La Cour des comptes européenne n’est pas satisfaite des politiques de l’UE contre la résistance antimicrobienne. Et elle l’a fait savoir dans un rapport publié le 15 novembre, soit trois jours avant la journée européenne de sensibilisation à ce fléau et de la semaine qui y est dédiée par l’Organisation mondiale de la Santé (voir carte blanche).
Dans leur rapport, les auditeurs reconnaissent que, si certains progrès ont été enregistrés en médecine vétérinaire, il n’en va pas de même en ce qui concerne la santé humaine. Ils appellent à plus de suivi dans ce domaine, ainsi qu’au niveau de l’utilisation des fonds européens.
« La Commission européenne doit, de concert avec les États membres, intensifier ses efforts pour endiguer cette menace croissante », a commenté Nikolaos Milionis, le Membre de la Cour des comptes européenne responsable du rapport, rappelant qu’environ 33 000 personnes décèdent chaque année dans l'UE des suites d'infections liées à des bactéries résistantes aux médicaments.
La résistance aux antimicrobiens (RAM) englobe le phénomène selon lequel des microbes, comme des bactéries, des virus, des parasites et des champignons, développent une résistance à des médicaments qui offraient jusqu'alors un traitement efficace.
En 2017, l’UE s’est dotée d’un plan d'action européen fondé sur le principe 'Une seule santé', qui prévoit des actions dans les domaines de la santé humaine, de la santé animale et de l'environnement (EUROPE 11819/9). L’année suivante, elle a introduit de nouvelles règles sur les produits vétérinaires et les aliments médicamenteux pour animaux qui, de l’avis des auditeurs, ont remédié à certaines faiblesses connues (EUROPE 12125/6).
Le manque d’incitations commerciales inquiète
Toutefois, les auditeurs identifient encore une large marge d’amélioration, en particulier dans les domaines de la santé humaine et de la recherche.
Sur le premier, la Cour appelle la Commission à utiliser des indicateurs de résultat pour aider les États membres à mesurer leurs progrès dans la lutte contre la RAM. Elle lui suggère également d’intégrer cette question dans sa nouvelle approche concernant les produits pharmaceutiques dans l'environnement.
Sur le second, elle déplore que la recherche de nouvelles classes d'antimicrobiens n'ait connu aucune avancée majeure ces dernières années, malgré un soutien relativement important (depuis 2004, l'UE a injecté plus de 1,5 milliard d'euros dans la recherche liée à la RAM).
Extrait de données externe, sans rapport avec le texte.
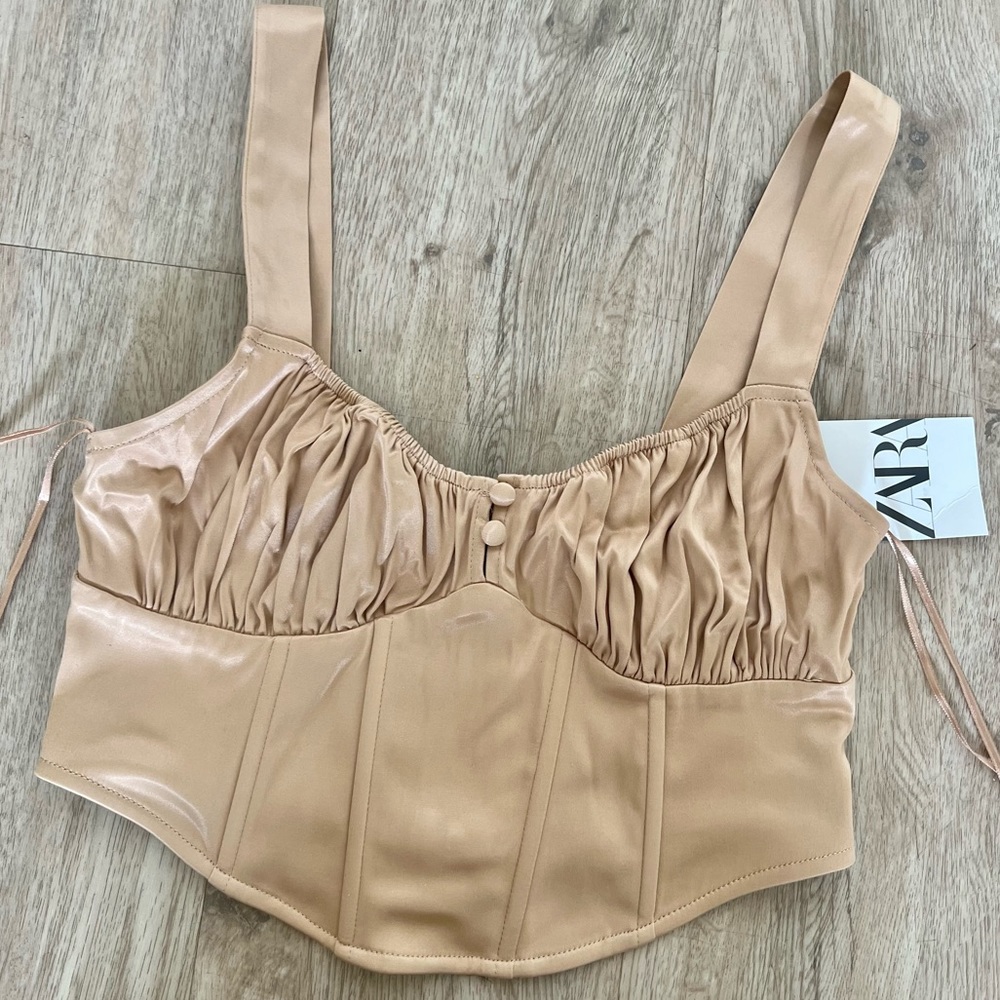 Zara SATIN EFFECT CORSET TOP size M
Les auditeurs s’inquiètent en particulier qu’aucune initiative concrète de l'UE ne soit parvenue à combler le manque d'incitations commerciales, qui décourage le secteur privé d'investir dans la recherche sur la lutte contre la RAM.
« Nous ne recommandons pas que la Commission mette un million d’euros sur la table pour financer de nouveaux médicaments, mais il faut des incitants », a laissé entendre un membre de l’équipe.
Le rapport, lui, fait allusion à des récompenses à la mise sur le marché et des modèles d'approvisionnement permanent sur le long terme.
D’importantes différences
Enfin, si le tableau est moins noir pour la santé animale, dans la mesure où les ventes d'antimicrobiens à usage vétérinaire ont reculé de 20% entre 2011 et 2016, les auditeurs constatent d’importantes différences entre les États membres.
Dans six d'entre eux, les ventes d'antimicrobiens ont augmenté de plus de 5%, constatent-ils. Pour eux, la future politique agricole commune offre l'occasion de renforcer encore le cadre institué par l'UE pour lutter contre les bactéries multirésistantes.